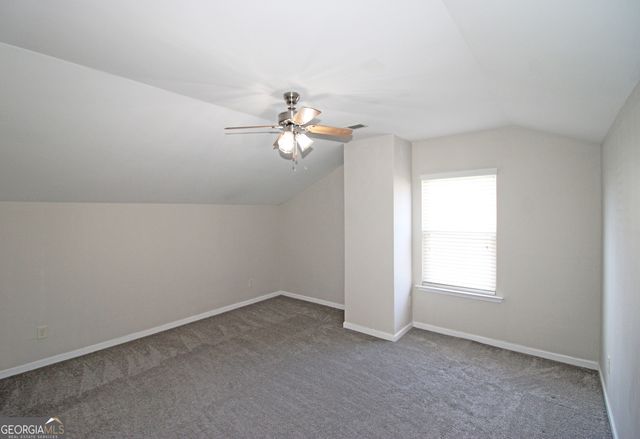 315 Lakeside Lane, Woodstock, GA 30188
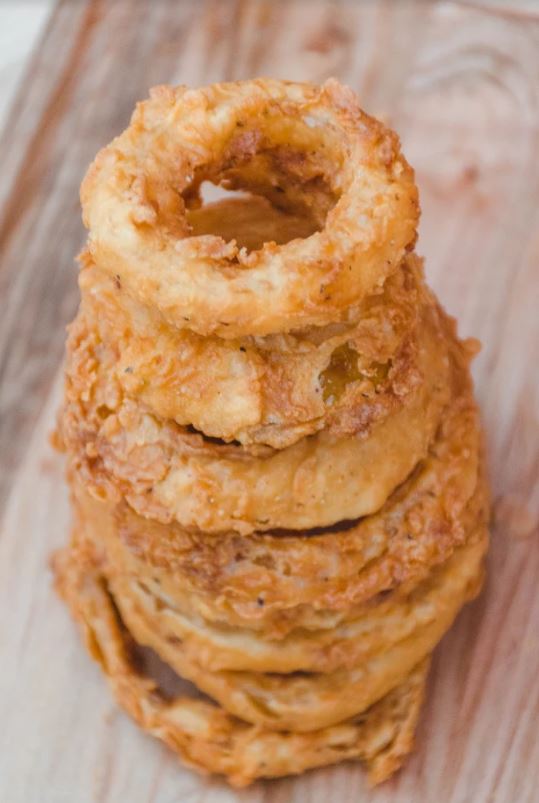 ComeToParadise's tweet photo. Our fried onion rings are a fan favorite! Hop over and share an order with a friend this National Onion Ring Day. https://t.co/vX6qVUBpij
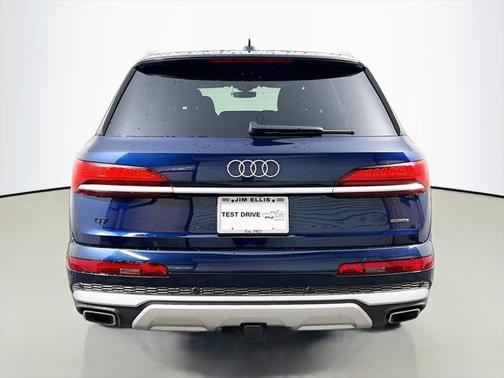 2025 Audi Q7 55 Premium Plus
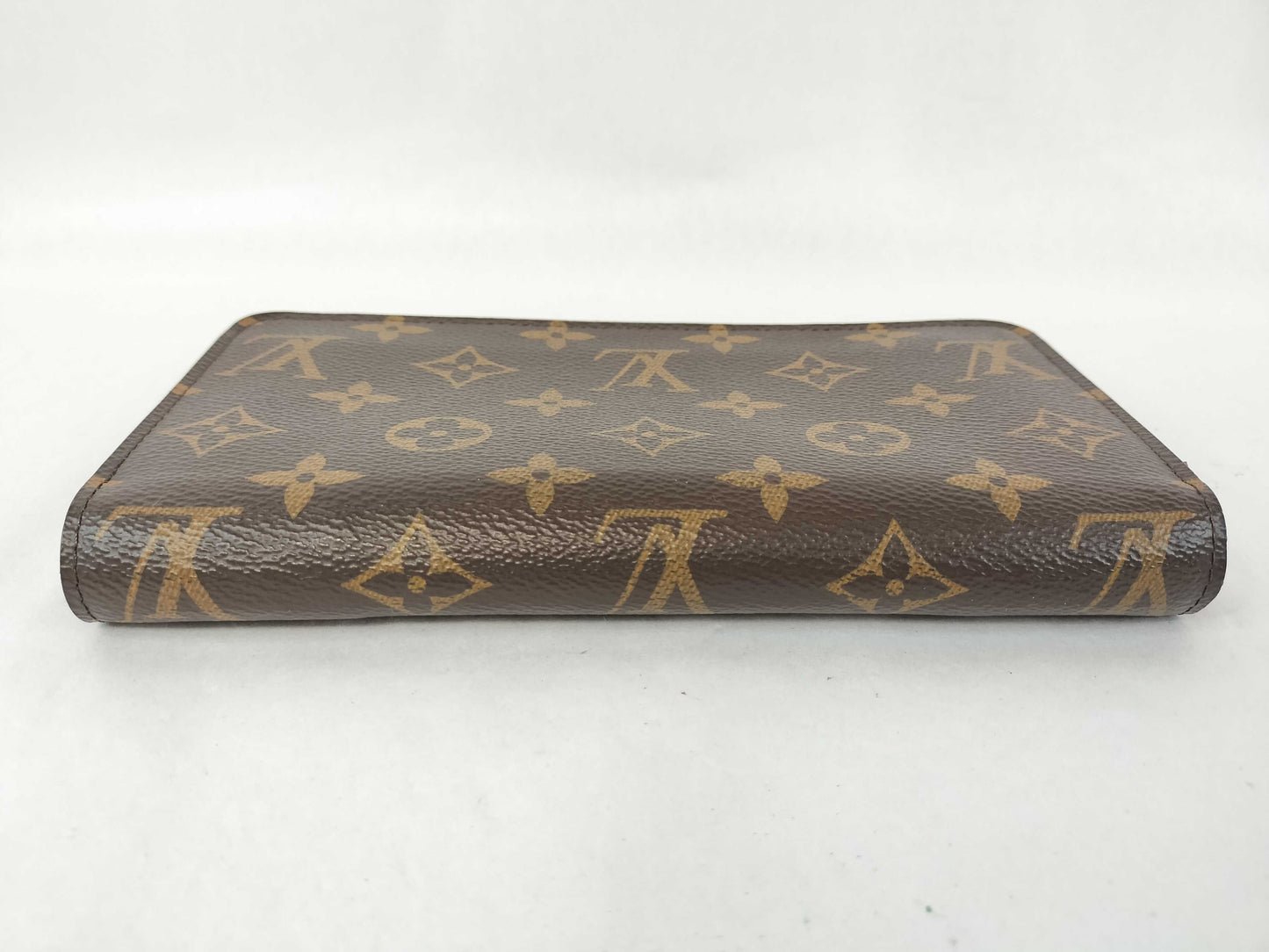 LOUIS VUITTON Monogram Louis Vuitton Monogram Round Zip Wallet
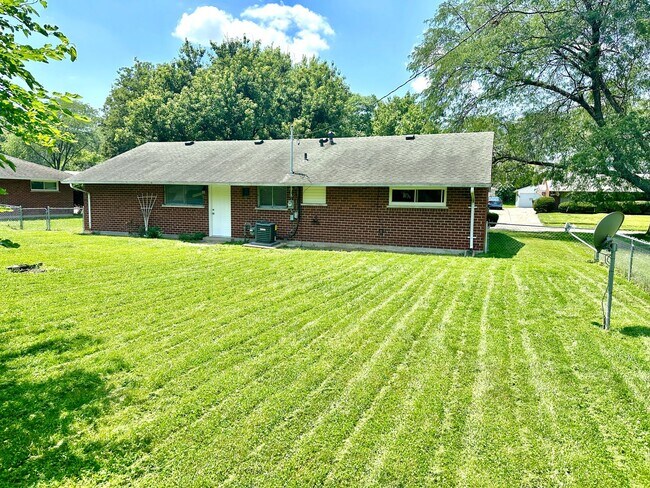 Building Photo - 4408 Lesher Dr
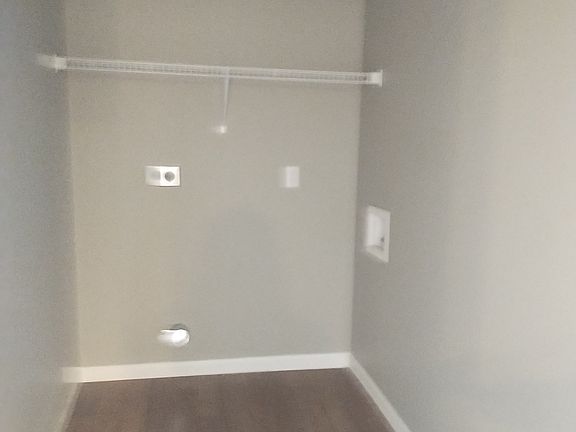5th image of 222 Longwood Ln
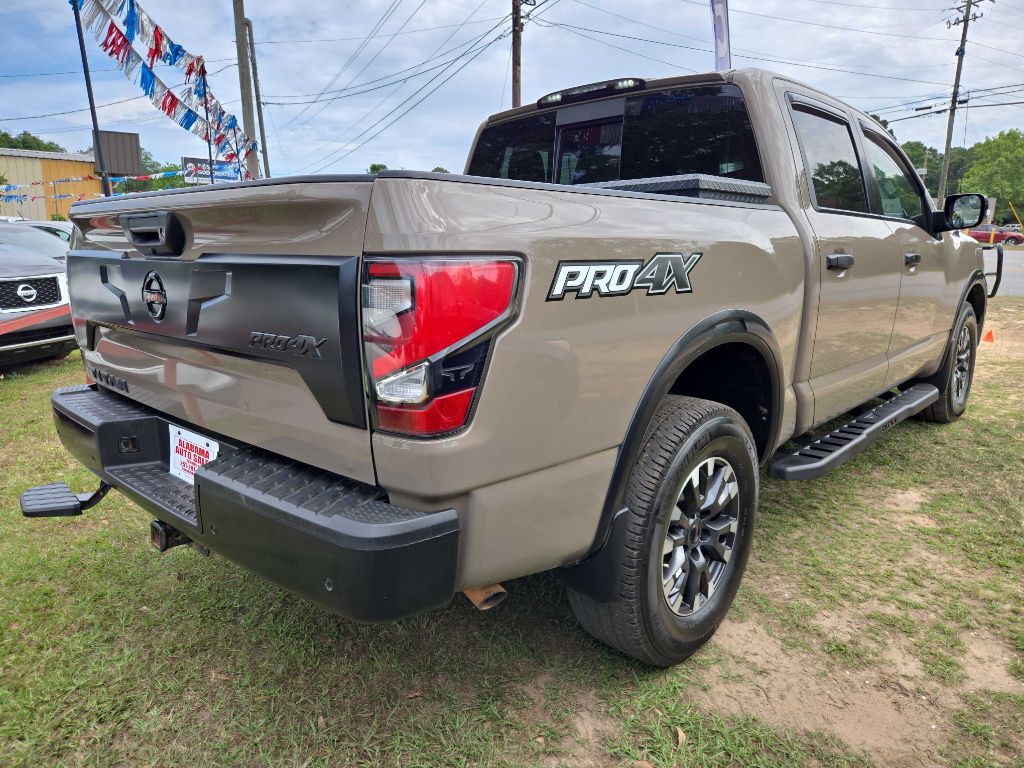 2020 Nissan Titan Image 4
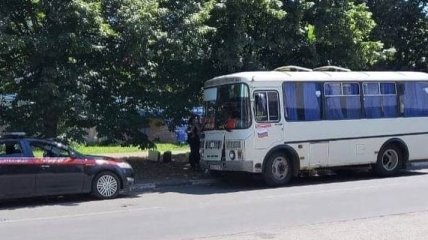 Чоловік з параноїдальною шизофренією влаштував різанину в ростовському автобусі і сховався на кладовищі (фото, відео)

■ ■ ■ ■ ■ ■ ■

Instructions for the task — An exact copy of every line above is needed, without the images.

Solved exercise —
 315 Lakeside Lane, Woodstock, GA 30188
 ComeToParadise's tweet photo. Our fried onion rings are a fan favorite! Hop over and share an order with a friend this National Onion Ring Day. https://t.co/vX6qVUBpij
 2025 Audi Q7 55 Premium Plus
 LOUIS VUITTON Monogram Louis Vuitton Monogram Round Zip Wallet
 Building Photo - 4408 Lesher Dr
5th image of 222 Longwood Ln
 2020 Nissan Titan Image 4
 Чоловік з параноїдальною шизофренією влаштував різанину в ростовському автобусі і сховався на кладовищі (фото, відео)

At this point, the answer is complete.